Now, remember – this is my lab and everything here works.  The problem environment is where we see problems.  Using my lab though I was able to track the entire process that takes place when a task sequence pulls down policy – one of which is the machine variable policy.  To confirm I was seeing what I thought I was seeing I tested by removing the machine variables from the test system a time or two and putting them back.  What I noticed when I did this was that no policy was deleted but the policy assignment was tombstoned as reflect in the istombstoned column of the policyassignments table.  A tombstoned policy assignment or a missing policy assignment will result in the client not receiving the policy.  In the case of the problem environment there was no policy reflected at all in the MEP_PolicyAssignments table.  OK – so we have now answered the first question.  Which side of processing is causing the problem – server or client?  In this case the client processing checks out as being OK – what is happening is exactly what we would expect to happen.  There is no policy for the machine in the MEP_PolicyAssignments table and, accordingly, nothing is processed for this during imaging!

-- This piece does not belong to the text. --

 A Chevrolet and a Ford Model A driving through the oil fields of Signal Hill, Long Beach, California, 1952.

Now that we know this is a server side problem we need to begin troubleshooting that side.  To trace this we need to add a new machine record or test with an existing one and add some machine variables to it.

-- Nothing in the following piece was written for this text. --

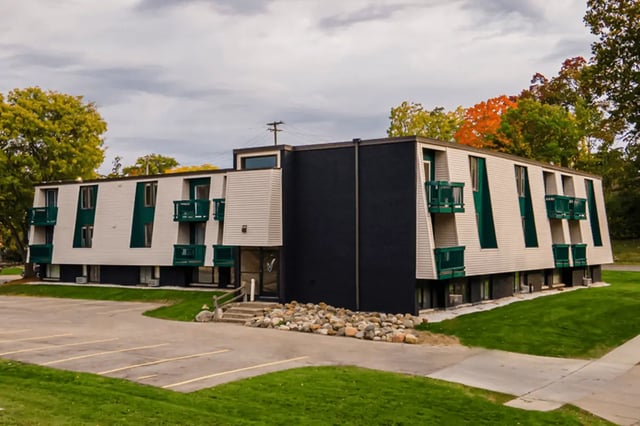 Modern apartment building with green balconies exterior at Victory East Lansing in East Lansing Student Accommodation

Collection membership, or lack thereof, for the machine doesn’t matter since the variables will be written for the machine itself.  There is also no need to trace anything during this process because what we are really interested in is the process of adding a variable to the record.  I will demonstrate tracing the process in my working lab and the show the problem scenario to contrast.

WIth the test machine identified, add at least one variable and select OK.  Make sure your SQL profiler trace is running for a minute or so after clicking OK.

image

With the machine variable added now we must trace what happened as a result of that addition.  Remember, we are trying to understand the process so we can understand what went wrong in the problem case. 

In almost all cases when a change is made in the console it is implemented through the SMS Provider so that log is a good place to look first.  In this case the log shows activity against the machine settings, client operations and more.  The SMS Provider log is a good place to go to understand how the provider works but in this case is a bit hard to follow because there is so much activity.  In fact, in a production environment with multiple consoles active the SMS Provider log will be so busy that it will be hard to capture anything here.  Suffice it to say then that what we know at this stage is that the variables were added which caused them to be written to the database.  Now we need to find out what processing happened after the initial database write.  In order to know what to look at here either requires a fundamental understanding of how ConfigMgr components function or you can sift through ConfigMgr server logs, keeping in mind the time stamp, until stumbling on the component that is at play.  Fortunately, we know the internals already!  :)  In most cases when an action is taken in the console – such as creating or modifying a software update, software package, software application or, in this case, machine variables, data will be written to the database.  That data needs to be acted upon by additional ConfigMgr server components to become active.  The component that watches key tables for changes, such as MEP_MachineExtendedProperties in this example, and causes additional processing to be initiated is the SMS Database Monitor thread.  More on that shortly.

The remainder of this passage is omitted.